WORK TO BE COMPLETED | Restate word for word the entries below, starting with the line with "209 Falcon Crest Way, Pickens, SC 29671" and continuing through the line with "38歲雨僑情人節二胎產子,曬一家四口全家福報喜,剖腹產引熱議". Include both of those lines and no others.
**** RAW DATA ****
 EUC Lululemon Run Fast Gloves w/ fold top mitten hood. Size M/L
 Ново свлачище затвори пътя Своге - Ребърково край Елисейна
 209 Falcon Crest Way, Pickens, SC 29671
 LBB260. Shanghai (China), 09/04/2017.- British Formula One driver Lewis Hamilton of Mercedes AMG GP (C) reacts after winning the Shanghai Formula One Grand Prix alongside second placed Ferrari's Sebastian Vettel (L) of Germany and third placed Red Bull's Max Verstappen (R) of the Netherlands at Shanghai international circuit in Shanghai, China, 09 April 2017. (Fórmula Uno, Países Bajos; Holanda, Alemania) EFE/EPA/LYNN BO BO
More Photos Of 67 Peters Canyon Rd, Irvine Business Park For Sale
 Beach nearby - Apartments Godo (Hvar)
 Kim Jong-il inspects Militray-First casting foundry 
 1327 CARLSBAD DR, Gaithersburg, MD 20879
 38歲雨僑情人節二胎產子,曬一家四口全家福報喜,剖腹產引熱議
****
**** RAW DATA ****
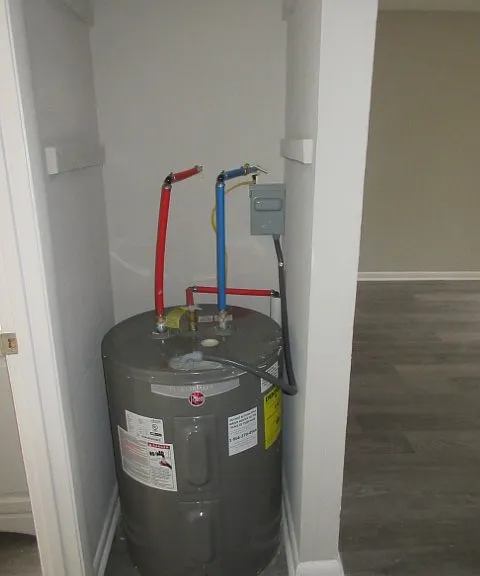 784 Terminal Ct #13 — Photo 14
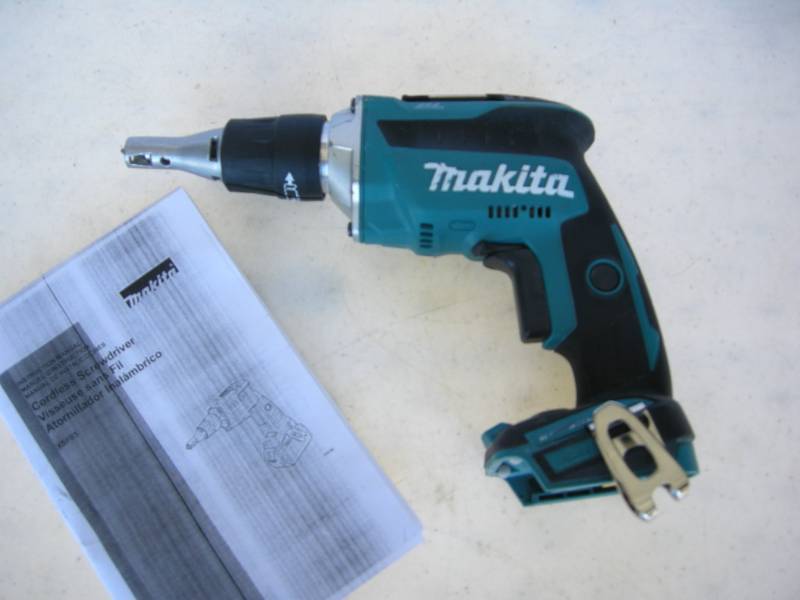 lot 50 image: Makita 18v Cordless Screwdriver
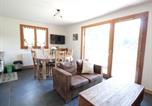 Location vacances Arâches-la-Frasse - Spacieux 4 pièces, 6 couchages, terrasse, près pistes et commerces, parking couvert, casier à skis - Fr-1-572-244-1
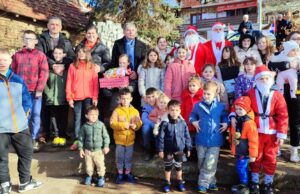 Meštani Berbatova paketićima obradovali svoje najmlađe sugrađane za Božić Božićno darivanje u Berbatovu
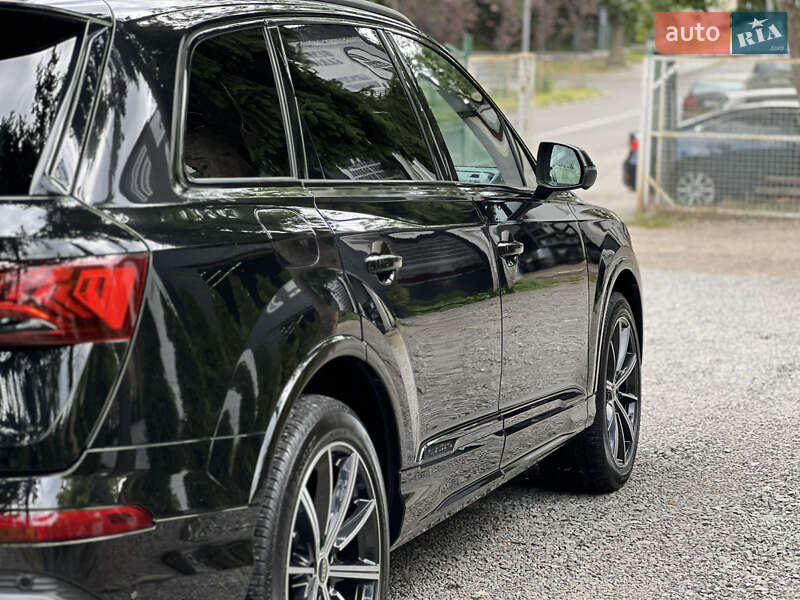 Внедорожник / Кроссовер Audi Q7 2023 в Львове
****
ANSWER BELOW |
 209 Falcon Crest Way, Pickens, SC 29671
 LBB260. Shanghai (China), 09/04/2017.- British Formula One driver Lewis Hamilton of Mercedes AMG GP (C) reacts after winning the Shanghai Formula One Grand Prix alongside second placed Ferrari's Sebastian Vettel (L) of Germany and third placed Red Bull's Max Verstappen (R) of the Netherlands at Shanghai international circuit in Shanghai, China, 09 April 2017. (Fórmula Uno, Países Bajos; Holanda, Alemania) EFE/EPA/LYNN BO BO
More Photos Of 67 Peters Canyon Rd, Irvine Business Park For Sale
 Beach nearby - Apartments Godo (Hvar)
 Kim Jong-il inspects Militray-First casting foundry 
 1327 CARLSBAD DR, Gaithersburg, MD 20879
 38歲雨僑情人節二胎產子,曬一家四口全家福報喜,剖腹產引熱議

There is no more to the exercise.